Plain ol’ hard Problems
Plain ol’ hard problems are ones that are difficult to solve whether you’re human or not.
One example is solving non-linear equations. When outcomes are exquisitely sensitive to the initial variables, predictions will be lousy (cf chaos theory). That’s why weather forecasts don’t go much further out than three days. Throwing more computer power at the problem doesn’t extend the time scale, though it can give you finer physical resolution (eg hyper-local weather forecasts for a sports venue vs. a whole city). The halting problem in computer science is another example; it’s impossible to provide a general method for deciding whether a computer program will terminate in a finite time.
Gray zones
For now I’m going to skate blithely over the complication that the only problems we can think about are human-conceived problems. The maths we might use to show that a human-hard problem is technically trivial is a human artifact itself. Further, a plain ol’ hard problem may not be intrinsically hard; it may only be hard because the maths we’ve been able to come up with can’t handle it. Factoring large prime numbers is very hard to do as far as we know, and is the basis of many cryptographic systems. However, some mathematical genius may suddenly stumble on a way to do it easily; we just don’t know.
Human-hard problems are difficult to pin down because they’re dependent on formulation. People can analyze complex scenarios very easily when they’re described in terms of people and social power, but they do poorly when they’re abstracted. This is as one would expect – we probably have built-in mechanisms for “calculating” social relationships.

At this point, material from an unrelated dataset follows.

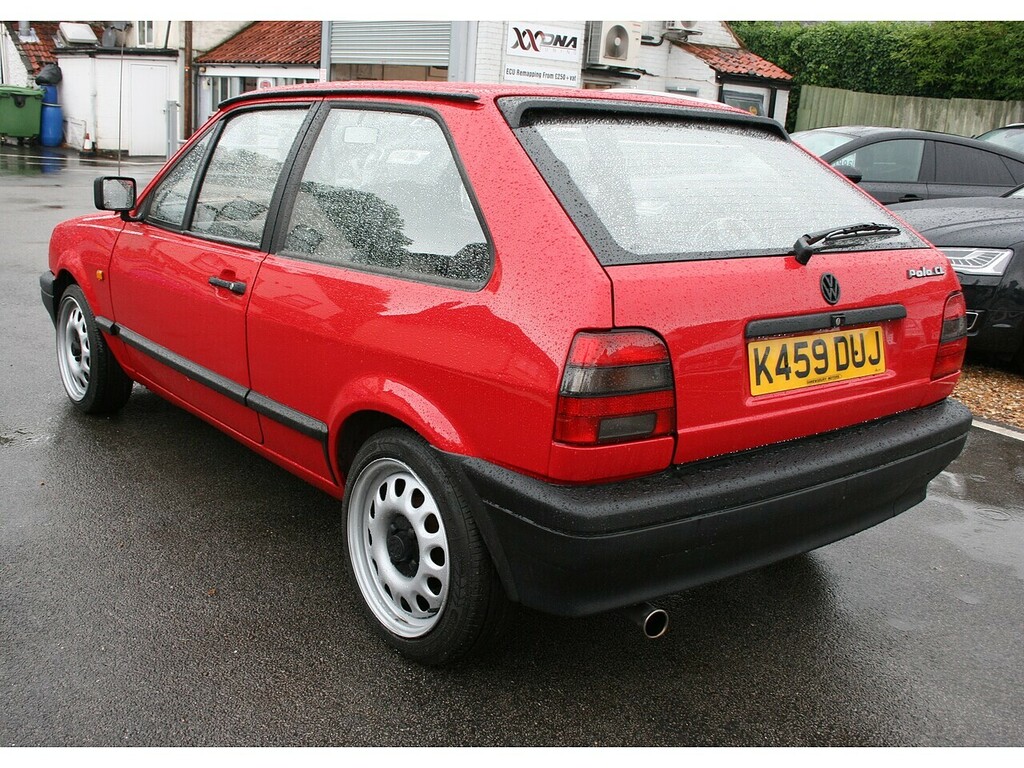 Volkswagen Polo 1.0 Cl Coupe U889 Red #3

I wouldn’t put dry stone walling or cooking in either of the above two categories. These activities are hard, but learnable. The key distinction for my purposes is that they’re both physical activities; within the limit of variation of hand-eye coordination, most people can learn to do them. By contrast, activities that are mostly intellectual like math and software development show striking divergences between the few really good developers, and the rest. In civil engineering, according to my in-house coastal engineer, good people are better than average people, but by a factor of 2, not a factor of 100s or 1,000s as in software.
Summary
Human beings mostly think about abstract notions in concrete terms, using ideas and modes of reasoning grounded in their senses, muscles, and experience. Our thinking is embodied, that is, shaped by the structure of our brains, our bodies, and everyday interactions in the world. We have developed tools like mathematics for thinking about abstract things like hypercubes, but our intuitions about them tend to be concrete. As the knowledge economy fill our world with more abstractions, I would expect the number of human-hard problems to multiply.